This was my first visit to the Aurora Cultural Centre in Aurora, Ontario, to teach a one day workshop on botanical drawing. Mid April and finally the sun is starting to shine, although as you can see in the photo below, still a sprinkling of snow on the ground.

The Town of Aurora

The town of Aurora is located approximately 40 minutes north of Toronto and is consistently ranked as one of the top places to live in Canada. With its picturesque rolling hills and heavily treed woodlots, Aurora has managed to blend its small-town charm and historic downtown core with a thriving urban and suburban centre. Aurora is the childhood home of Lester B. Pearson, Prime Minister of Canada from 1963 to 1968. In 1851 the population of Aurora, then known as Machell’s Corners (after a local merchant), was 100 residents. In 1854 the name of the settlement was changed by postmaster Charles Doan to Aurora – meaning goddess of the dawn in Roman mythology. The settlement was incorporated as a village in 1863 with a growing business community, several factories and mills, five churches and a school house. By 1869 the population had grown to 1200 and in 1888 Aurora became a town. On April 8, 2010, the town re-opened the historic and fully renovated Church Street School as the Aurora Cultural Centre.

Aurora Cultural Centre

It is the vision of the Aurora Cultural Centre to provide a facility that enhances cultural life in the area through the fostering of art practice and presentation, production and reception. Since 2010, the centre has welcomed the community to participate in diverse creative experiences for all ages. Located in a beautifully-restored 1886 schoolhouse, the Aurora Cultural Centre is a charming historical treasure featuring four gallery exhibition spaces, a range of instructional classes for children, teens and adults, an eclectic live music series, special family events, summer arts camps, and stunning rental spaces for community activities and partnership participation. The centre is a registered charity, funded in part by the town of Aurora. The professional staff is supported by a dedicated volunteer board of directors and enthusiastic team of volunteers. The building is wheelchair accessible, air-conditioned with parking surrounding the building.

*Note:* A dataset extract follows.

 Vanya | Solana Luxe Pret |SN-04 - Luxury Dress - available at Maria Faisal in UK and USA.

The Aurora Cultural Centre is located at 22 Church Street, Aurora.

Phone: (905) 713-1818
info@auroraculturalcentre.ca
Check out the website to see what is happening!

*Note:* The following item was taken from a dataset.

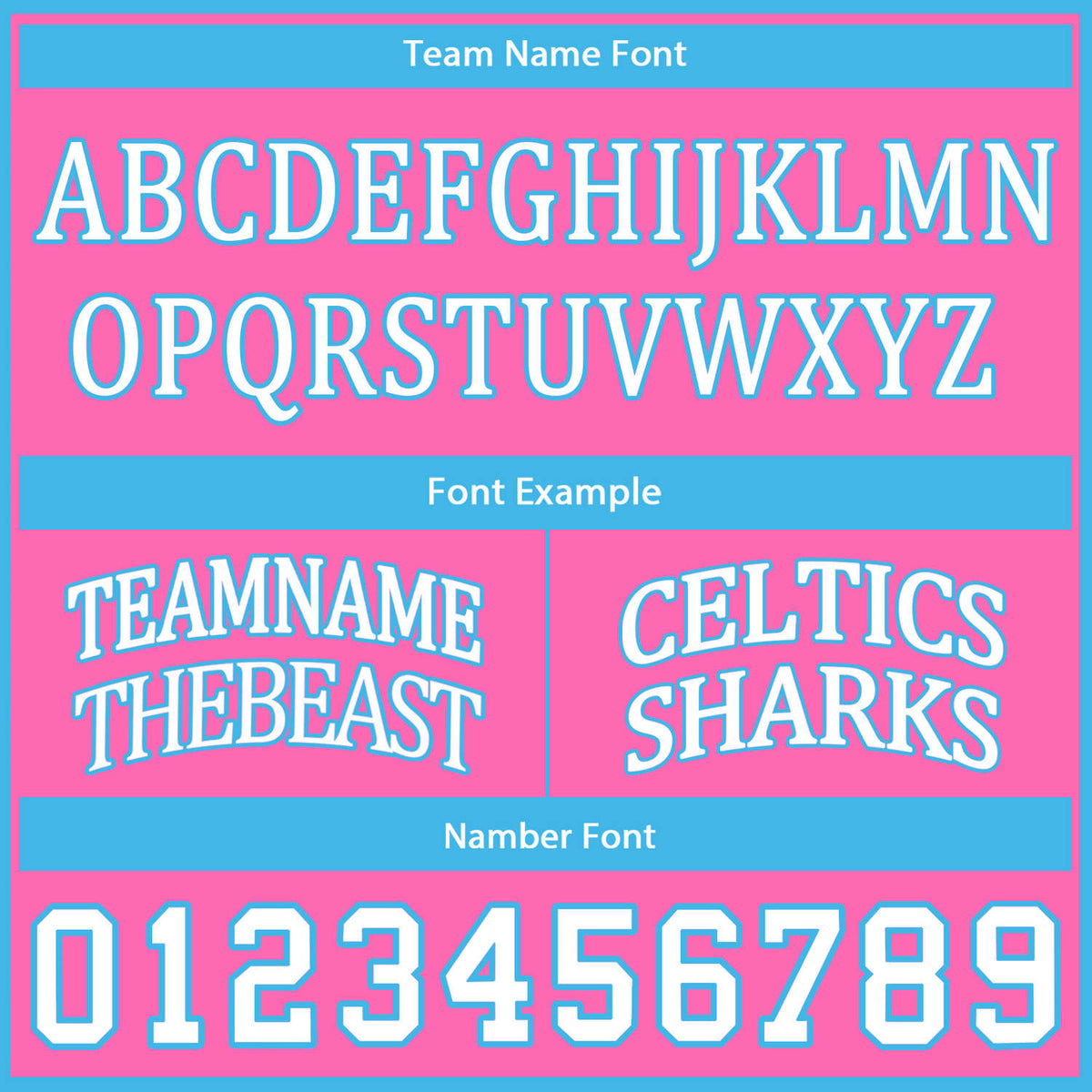 Custom Hot Pink & Turquoise Reversible Basketball Uniform Set | Personalized Team Name & Number - Vosoli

http://auroraculturalcentre.ca

The Workshop

The Art of Botanical Drawing

The workshop featured graphite as a drawing medium in botanical art. Students were given step-by-step instructions, along with exercises on gesture, contour drawing and blending techniques to produce realistic botanical drawings.

Developing the fuchsia sketch to create a realistic three-dimensional drawing.

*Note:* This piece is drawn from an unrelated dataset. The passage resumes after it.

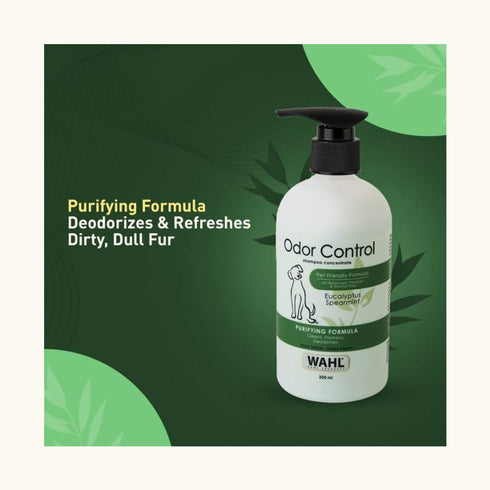 Wahl Odor Control Eucalyptus Spearmint Shampoo for Dogs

The drawing process  starts with a series of gesture sketches and exercises to establish a good composition. Once the basic composition of the subject has been decided on, the next step is to produce a simple geometric framework of the plant to help develop the drawing. When the sketch is completed a final contour drawing completes the process prior to applying a range of graphite tonal values.
Below: Students at work.
By following my step-by-step instructional pages, each student easily reproduced the technique of tonal rendering with graphite.

Testimonials

If you could only take one art class in your life, Michael Spillane’s class will give you the greatest return on your investment. A brilliant and generous teacher delivering invaluable fine art methodologies with humour and inspiration. I improved noticeably after just one class — Ann Jovanovic

Just a note to say that I thoroughly enjoyed the class yesterday and learned a great deal.  I have endorsed you in the survey sent out by the Aurora Cultural Centre!  I also told them that I would like to have you come back to teach any of your artistic skills. Your mini drawing lesson and remarks about drawing an object as an object  rather than always thinking about the final result was valuable. Struggling (as usual) with painting (w/c) water this week I overheard your recommendation about turning the paper and painting it as you would a tree trunk, great advice which I am about to try. Thanks too for the laughs we all had — Jennifer Wingate

My next workshop titled How to Draw Plants & Flowers is on May 26 & 27, 2018, at: Southampton Arts Centre

Art School & Gallery

201 High Street, Southampton, Ontario
Telephone: (519) 797-5068
Toll Free: 1-800-806-8838

Hope to see you there!

Michael Spillane

http://www.spillane-arts.com

 

 

 

 

 

 

 

 

Clarkson Society of Artists Workshop — February, 2018

My first workshop of 2018 was for the Clarkson Society of Artists and held over two days at Christ Church United church in Mississauga, Ontario. Clarkson Society of Artists started way back in 1963 and, with a membership of approximately 38 local artists, is one of Mississauga’s oldest art groups. The artists get together weekly on Wednesdays at Christ Church United church on Mazo Crescent in Mississauga, from September until the end of April and have an annual members show at Visual Arts Mississauga (VAM) in April. They show their creativity in a number of mediums including Oil, acrylic, watercolour, pastel and multi-media. Workshops are put on every 2-3 weeks with paint days in between.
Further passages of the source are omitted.